To those who are done with church

BeachI have been reading recently about a new category of people in our society when it comes to religious participation. Beyond the nones (those who have no religion) a new growing category is the dones (those who still have faith but are done with going to church).

Interestingly I have also met a number of these dones recently, including a builder whose family no longer goes to church after being involved in too many church conflicts and some couples who have gotten over the same old experience of church week in week out that doesn’t really connect with them anymore. Apparently driving the emergence of those who still have faith but are done with church includes these kind of factors as well as feeling used in the weekly grind of ‘putting on church’, unchallenging sermons, a lack of real relationships and just the busyness of modern life.

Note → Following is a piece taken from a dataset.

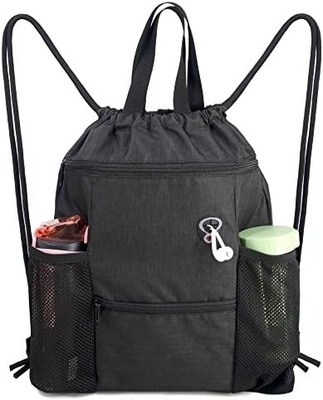 BEEGREEN DRAWSTRING-BACKBACK-GYM-BAG, BÜYÜK SPORTS BAG, STRING BACKBACK CINCH BAG Erkek ve Kadınlar için Kırmızı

So a couple of comments…

1. Church can suck. Undoubtedly we in church leadership and the institution itself get so much wrong. Yes it can feel strange that we put so much effort and volunteer hours into putting on a service. Yes we can say insensitive things or use church jargon or favour certain people. We just get a lot wrong. Leadership is tough and particularly in a church setting where people are passionate about their faith, noses are going to get out of joint. So yes, to the dones, we need to listen better, show more wisdom and look at ways to do/be church and community better.

2. The local church needs you. In all of its flaws, the local church still is the hope of the world, and if we believe in the images of church painted in the New Testament, you are a vital part. You are a living stone God uses to dwell in, a member of the family, a valuable part of the body. The church can’t be a visible expression of the kingdom of God if everyone opts out. Yes we may find new ways of doing evangelism, discipleship and fellowship outside of the local church, but I still believe in the overwhelming benefits of committing to a local church community. And it needs you to play your part, help the weaker members, use your gifts, welcome spiritual seekers into community.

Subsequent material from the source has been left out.